We got to the final CP about 5pm, Geoff again out to meet us, the star. His wife Nicki had cooked up a batch of homemade chicken strips. I ate one, but the tummy was not happy. I then addressed my blisters, Jim was concerned, not for me, but for the proximity of my grim feet to the chicken strips!!!
I slapped a blister plaster on each foot, but I recognised how fruitless this was as the blisters were three times the size of the plasters. However we were 10 miles from home and whatever happened, this challenge was getting done.
It was all walk now, within a couple of miles my left blister popped. Brief agony, but then it actually felt better from the right foot. I was very determined not to fall behind, I swung my arms and forced marched behind Jim. We made the call to take the more direct (but busier) route home, I was tucked in behind Jim, frankly I was physically on auto pilot, just following him. Mentally I was locked deep inside, I cannot tell you what I was thinking, all I know is that I blocked out pretty much everything. However that steak dinner was getting closer with every step
Getting to the pavement at Didmarton was a relief and seemed to draw me out again. 4 miles from home, about an hour. Thoughts turn to our goal, the pub. Jim, reminding me of my eagerness on the CW102 to run the last section to the finish, clarifies he will not be running until we reached the war memorial, in my head I’m thinking it will be a blooming miracle if I run another meter!
Upwards on Beech (Bitch!) Lane and then into the inevitable headwind on Stareval Lane. Into the village, past the war memorial (still walking) then as we close on the Beaufort, we spot Geoff outside, phone in hand filming, so we gave it a token trot for the last 25 meters and that was it. 80 miles, 20 hours. Job done.
Inside the pub was Kim and our friend Andrew. We ordered steak and chips and had a first pint. One moment I was feeling fine, the next I was dizzy and white as a sheet. Geoff gave me a lift home, leaving my steak dinner on the table.
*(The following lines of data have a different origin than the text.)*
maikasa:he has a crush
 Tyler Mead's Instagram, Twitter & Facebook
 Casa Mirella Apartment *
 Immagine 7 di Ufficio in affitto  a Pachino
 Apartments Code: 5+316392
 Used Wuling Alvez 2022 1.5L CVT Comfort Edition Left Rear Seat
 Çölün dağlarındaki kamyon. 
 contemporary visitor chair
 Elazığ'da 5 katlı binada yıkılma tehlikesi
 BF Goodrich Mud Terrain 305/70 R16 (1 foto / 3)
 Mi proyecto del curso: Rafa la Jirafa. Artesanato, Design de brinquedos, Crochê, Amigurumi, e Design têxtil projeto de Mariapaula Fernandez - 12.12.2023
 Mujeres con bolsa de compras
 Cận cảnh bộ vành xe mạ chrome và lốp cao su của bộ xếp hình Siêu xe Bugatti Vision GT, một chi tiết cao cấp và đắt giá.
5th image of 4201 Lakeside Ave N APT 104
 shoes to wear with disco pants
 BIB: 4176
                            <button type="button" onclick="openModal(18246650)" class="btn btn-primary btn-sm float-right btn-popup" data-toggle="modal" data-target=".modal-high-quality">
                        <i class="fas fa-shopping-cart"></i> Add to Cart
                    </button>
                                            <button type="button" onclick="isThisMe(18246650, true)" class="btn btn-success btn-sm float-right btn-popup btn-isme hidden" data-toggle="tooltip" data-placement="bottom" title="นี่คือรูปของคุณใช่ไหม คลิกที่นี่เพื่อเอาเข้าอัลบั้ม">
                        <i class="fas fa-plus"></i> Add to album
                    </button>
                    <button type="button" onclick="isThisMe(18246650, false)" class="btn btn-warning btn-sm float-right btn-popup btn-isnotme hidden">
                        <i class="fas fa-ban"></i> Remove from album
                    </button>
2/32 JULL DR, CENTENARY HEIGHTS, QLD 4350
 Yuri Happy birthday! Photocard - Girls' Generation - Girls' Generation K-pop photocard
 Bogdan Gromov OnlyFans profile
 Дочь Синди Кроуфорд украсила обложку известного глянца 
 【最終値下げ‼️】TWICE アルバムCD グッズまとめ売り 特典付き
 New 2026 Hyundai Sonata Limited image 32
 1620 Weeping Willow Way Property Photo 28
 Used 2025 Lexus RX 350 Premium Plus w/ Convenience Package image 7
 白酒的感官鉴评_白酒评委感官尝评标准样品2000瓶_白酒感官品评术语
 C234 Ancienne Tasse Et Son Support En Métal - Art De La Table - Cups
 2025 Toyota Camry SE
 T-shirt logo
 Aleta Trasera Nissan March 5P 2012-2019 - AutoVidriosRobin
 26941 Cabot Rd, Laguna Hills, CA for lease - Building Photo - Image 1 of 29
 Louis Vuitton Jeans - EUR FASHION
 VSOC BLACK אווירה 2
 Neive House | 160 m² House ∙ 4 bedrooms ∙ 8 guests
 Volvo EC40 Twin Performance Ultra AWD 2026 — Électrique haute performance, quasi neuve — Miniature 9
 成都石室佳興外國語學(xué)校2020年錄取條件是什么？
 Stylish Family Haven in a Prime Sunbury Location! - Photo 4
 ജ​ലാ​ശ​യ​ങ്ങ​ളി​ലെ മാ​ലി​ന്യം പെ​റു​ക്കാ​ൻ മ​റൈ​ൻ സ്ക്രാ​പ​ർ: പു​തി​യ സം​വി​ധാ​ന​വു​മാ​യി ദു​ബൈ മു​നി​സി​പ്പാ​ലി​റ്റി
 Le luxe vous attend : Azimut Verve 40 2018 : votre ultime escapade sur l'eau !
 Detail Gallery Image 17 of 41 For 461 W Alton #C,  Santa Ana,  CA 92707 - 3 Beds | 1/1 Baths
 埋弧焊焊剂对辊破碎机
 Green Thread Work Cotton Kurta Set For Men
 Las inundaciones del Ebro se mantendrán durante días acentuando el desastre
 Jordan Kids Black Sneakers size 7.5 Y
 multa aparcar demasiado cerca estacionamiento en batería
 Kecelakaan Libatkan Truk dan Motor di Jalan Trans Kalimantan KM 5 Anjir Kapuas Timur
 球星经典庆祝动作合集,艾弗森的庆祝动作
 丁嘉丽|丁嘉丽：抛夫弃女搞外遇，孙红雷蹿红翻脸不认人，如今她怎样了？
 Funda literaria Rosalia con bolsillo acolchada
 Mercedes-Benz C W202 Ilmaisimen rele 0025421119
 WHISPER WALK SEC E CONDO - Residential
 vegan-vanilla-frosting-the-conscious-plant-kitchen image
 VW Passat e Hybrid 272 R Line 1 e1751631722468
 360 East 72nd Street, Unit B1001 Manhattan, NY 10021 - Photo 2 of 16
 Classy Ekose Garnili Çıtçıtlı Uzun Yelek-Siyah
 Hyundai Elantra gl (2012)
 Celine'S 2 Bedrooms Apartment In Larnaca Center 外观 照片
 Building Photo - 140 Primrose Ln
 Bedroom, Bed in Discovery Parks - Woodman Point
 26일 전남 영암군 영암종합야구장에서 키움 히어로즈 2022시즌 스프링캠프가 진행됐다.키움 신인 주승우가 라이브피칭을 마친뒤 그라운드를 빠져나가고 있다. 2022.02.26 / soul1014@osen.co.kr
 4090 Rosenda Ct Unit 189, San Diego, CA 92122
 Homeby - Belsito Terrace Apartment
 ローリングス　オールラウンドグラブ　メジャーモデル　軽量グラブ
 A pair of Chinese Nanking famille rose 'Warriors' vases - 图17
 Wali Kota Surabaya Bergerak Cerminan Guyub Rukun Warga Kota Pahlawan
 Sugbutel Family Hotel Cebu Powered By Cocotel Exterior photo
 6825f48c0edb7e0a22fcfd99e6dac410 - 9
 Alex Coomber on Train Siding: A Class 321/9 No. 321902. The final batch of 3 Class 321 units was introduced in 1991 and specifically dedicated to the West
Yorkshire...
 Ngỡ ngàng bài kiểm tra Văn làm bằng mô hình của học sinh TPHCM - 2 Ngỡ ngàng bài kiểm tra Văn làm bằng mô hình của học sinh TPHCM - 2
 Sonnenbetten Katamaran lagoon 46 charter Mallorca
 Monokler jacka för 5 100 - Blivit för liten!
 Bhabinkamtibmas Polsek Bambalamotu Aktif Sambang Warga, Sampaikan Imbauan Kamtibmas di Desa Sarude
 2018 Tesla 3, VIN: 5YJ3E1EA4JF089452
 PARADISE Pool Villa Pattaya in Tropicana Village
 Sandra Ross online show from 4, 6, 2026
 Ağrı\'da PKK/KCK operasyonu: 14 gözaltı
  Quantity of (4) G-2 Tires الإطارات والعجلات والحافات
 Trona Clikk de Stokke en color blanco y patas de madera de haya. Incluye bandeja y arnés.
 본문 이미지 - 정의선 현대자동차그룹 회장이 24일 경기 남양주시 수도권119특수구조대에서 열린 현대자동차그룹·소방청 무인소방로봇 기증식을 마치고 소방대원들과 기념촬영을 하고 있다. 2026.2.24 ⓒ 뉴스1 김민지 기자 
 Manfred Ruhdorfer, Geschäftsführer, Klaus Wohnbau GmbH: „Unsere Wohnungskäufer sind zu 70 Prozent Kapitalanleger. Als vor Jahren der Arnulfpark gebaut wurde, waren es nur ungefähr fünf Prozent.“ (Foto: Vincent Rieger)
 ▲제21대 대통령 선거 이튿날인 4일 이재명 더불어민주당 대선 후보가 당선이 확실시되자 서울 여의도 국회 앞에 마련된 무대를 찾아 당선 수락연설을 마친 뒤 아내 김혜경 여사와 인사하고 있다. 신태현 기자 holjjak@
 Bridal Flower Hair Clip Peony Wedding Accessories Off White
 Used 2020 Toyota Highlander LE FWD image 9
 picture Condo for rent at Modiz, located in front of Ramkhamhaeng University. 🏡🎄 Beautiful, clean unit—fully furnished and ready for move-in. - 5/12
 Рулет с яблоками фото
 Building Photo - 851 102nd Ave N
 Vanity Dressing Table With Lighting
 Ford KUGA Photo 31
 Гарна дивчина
I was in bed five minutes later and asleep within seconds of that. I think the blood sugars just went crazy with that pint, given I’d not eaten for 6 hours. Kim clearly was worried about me as I was allowed to sleep in our bed without having had a shower.
The next morning I was up at 7am and felt fine, well from the waist up. The legs were aching and the feet throbbing but a long soak helped revive them and I then tried to stay semi active to keep them ticking over.
Quite a few learnings came from the run. It was the first time of going into myself and whilst it’s not something I want to do regularly, I’m pleased to know I can do it. I won’t be making the same mistake with hot spots again. The ability to run an ultra without months of dedicated training is ok, but the difference is in how much pain you suffer during and after.
I know I bitched about the icy conditions, but really we got lucky with the weather. The days either side of the event were horrible. The format of the event was brilliant, although it was weird not being around other runners, afterwards, seeing all the routes that were taken has been fascinating. I feel for those that ended up just shy of the 60 / 90 miles, but you cannot argue with the crow. The added dimension of the route planning certainly added to the sense of satisfaction of completing the challenge we’d set ourselves.
Oh and that steak dinner I left, well it wasn’t wasted, Kim brought it home and the kids scoffed it, a veritable Feast for Crows.